Equipment Leasing and Finance Association: It’s Full Steam Ahead

by Stuart P. Papavassiliou October 2009
As the fall conferences approach, the Monitor continues its tradition of spending time with the president of the Equipment Leasing and Finance Association to find out about the association’s accomplishments, setbacks and plans for the coming year. But unlike previous interviews, the winds of change brought about an unexpected addition to this year’s update.

Ken Bentsen Former President, ELFA

It has been two years since I began this series of interviews with Ken Bentsen regarding his role as president of the Equipment Leasing and Finance Association (ELFA). And press schedules being what they are, the association and I planned this year’s interview well in advance of the August 4 bulletin announcing Bentsen’s decision to resign his post at the association to accept an offer to lead the Washington D.C. office of the Securities Industry and Financial Markets Association (SIFMA).

In planning the contents of this issue, I had to grapple with the question of continuing as planned with a final interview with Bentsen or alternatively, do we look ahead, change course and interview Ralph Petta, the newly named interim president of the ELFA? Since these articles have been about both — a look at the association’s accomplishments for the past year and a look forward at the ELFA’s expectations for the coming year — both seemed to make sense, but neither would be complete on their own. Therefore, I was delighted when I was able to book separate times with both Bentsen and Petta to bring our readers “the whole story.” Yielding to what seemed to be the most logical approach, I spoke with Bentsen first.

As affable as ever, Bentsen shared his plans for the remaining days of summer and I began by asking him to briefly sum up the last three-and-a-half years leading the equipment leasing industry’s largest association. “Well, I’ve enjoyed it tremendously,” Bentsen begins. “It’s probably been one of the best professional experiences of my career, and it’s been a real pleasure to be part of a team that’s been able to accomplish so much in such a little period of time.” Looking back to the last 12 months, Bentsen says, “I guess the entire year has been overshadowed by what’s been happening in the general economy and in the financial markets — that’s had a very serious and direct impact on the equipment finance sector and that obviously affects the association.”

“Even so,” he quickly adds, “the industry has continued to persevere, albeit at a slower pace … well, definitely at a slower pace from prior years.
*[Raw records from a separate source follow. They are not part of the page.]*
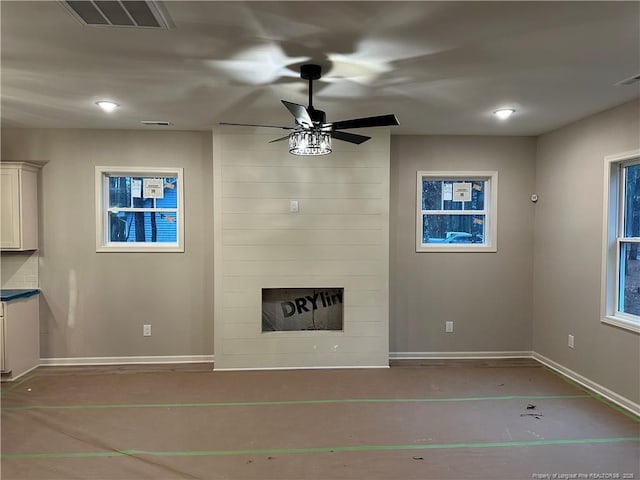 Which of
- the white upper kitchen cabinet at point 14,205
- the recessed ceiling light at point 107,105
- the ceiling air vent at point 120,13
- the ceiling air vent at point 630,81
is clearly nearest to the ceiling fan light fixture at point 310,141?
the ceiling air vent at point 120,13

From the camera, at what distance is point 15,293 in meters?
4.12

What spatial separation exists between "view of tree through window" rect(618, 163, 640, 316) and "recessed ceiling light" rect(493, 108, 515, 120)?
1.12m

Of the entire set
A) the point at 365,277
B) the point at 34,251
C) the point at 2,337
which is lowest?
the point at 2,337

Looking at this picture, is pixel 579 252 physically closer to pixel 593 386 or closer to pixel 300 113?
pixel 593 386

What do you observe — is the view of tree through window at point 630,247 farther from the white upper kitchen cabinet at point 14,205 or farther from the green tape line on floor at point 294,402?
the white upper kitchen cabinet at point 14,205


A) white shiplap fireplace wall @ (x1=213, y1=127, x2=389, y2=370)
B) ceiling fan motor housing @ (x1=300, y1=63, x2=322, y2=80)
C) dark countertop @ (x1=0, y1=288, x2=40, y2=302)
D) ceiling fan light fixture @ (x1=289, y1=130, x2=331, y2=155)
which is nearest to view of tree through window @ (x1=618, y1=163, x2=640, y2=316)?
white shiplap fireplace wall @ (x1=213, y1=127, x2=389, y2=370)

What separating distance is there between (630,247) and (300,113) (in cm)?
318

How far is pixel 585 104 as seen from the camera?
3475mm

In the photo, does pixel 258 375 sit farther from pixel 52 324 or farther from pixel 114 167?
pixel 114 167

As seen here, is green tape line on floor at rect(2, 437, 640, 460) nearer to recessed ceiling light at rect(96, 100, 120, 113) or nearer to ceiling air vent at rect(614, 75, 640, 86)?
ceiling air vent at rect(614, 75, 640, 86)

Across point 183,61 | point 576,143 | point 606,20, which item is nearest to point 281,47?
point 183,61

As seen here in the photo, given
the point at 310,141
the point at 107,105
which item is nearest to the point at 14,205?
the point at 107,105

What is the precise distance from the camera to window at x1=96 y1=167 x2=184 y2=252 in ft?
15.1

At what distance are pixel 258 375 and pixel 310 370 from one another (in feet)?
1.86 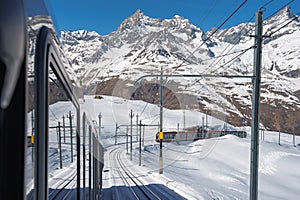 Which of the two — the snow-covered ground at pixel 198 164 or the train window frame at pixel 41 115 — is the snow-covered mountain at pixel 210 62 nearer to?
the snow-covered ground at pixel 198 164

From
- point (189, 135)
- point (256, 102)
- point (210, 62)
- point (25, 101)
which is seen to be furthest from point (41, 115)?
point (210, 62)

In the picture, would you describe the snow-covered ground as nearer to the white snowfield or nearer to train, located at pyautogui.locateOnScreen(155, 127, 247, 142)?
the white snowfield

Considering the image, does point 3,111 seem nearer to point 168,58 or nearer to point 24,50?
point 24,50

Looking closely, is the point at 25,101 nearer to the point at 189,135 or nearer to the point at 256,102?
the point at 256,102

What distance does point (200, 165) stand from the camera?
2189 centimetres

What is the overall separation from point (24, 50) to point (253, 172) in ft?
20.9

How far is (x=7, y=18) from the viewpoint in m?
0.46

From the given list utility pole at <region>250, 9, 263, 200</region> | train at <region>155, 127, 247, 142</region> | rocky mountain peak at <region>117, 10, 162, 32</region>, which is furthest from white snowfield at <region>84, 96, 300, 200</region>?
rocky mountain peak at <region>117, 10, 162, 32</region>

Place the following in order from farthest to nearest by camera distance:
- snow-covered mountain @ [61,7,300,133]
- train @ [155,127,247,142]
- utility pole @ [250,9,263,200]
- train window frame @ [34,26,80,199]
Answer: snow-covered mountain @ [61,7,300,133] < train @ [155,127,247,142] < utility pole @ [250,9,263,200] < train window frame @ [34,26,80,199]

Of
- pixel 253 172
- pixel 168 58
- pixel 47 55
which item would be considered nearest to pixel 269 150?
pixel 253 172

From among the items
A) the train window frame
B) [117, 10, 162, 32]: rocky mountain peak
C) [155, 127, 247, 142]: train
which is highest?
[117, 10, 162, 32]: rocky mountain peak

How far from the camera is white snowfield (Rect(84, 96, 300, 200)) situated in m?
14.0

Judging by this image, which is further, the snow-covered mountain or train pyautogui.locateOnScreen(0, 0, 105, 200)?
the snow-covered mountain

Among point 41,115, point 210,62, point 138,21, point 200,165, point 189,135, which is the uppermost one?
point 138,21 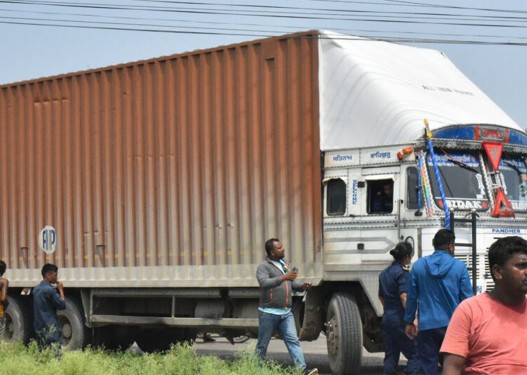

But I feel good about the fact that as an association, we continue to improve the data we’re putting out and create a better understanding of the sector across the financial markets and in the financial media, which is a goal we set out to accomplish three-and-a-half years ago. In the public sector, we continue to burnish the equipment finance sector’s brand before policy makers at the state and federal levels with a good deal of success.”

In terms of accomplishments in the last year, Bentsen notes that the association was successful in getting the attention of the Federal Reserve Board and the Department of Treasury at a time it mattered most by having the sector be included in the Term Asset-Backed Securities Loan Facilities. He also notes the association’s efforts in influencing the outcome of a workable settlement with regard to SILO/LILO transactions.

As for what didn’t get accomplished or didn’t get accomplished fully, Bentsen has little regret. “There’s nothing I would really dwell on … but I guess I’d look back and ask: ‘Do I wish I had seen the rapid decline in the use of some of our products or conferences far more quickly than we did?’ Well, maybe … but frankly we did see a decline and we tried to adjust for it. Even though we were already making adjustments, the economy moved faster than we did.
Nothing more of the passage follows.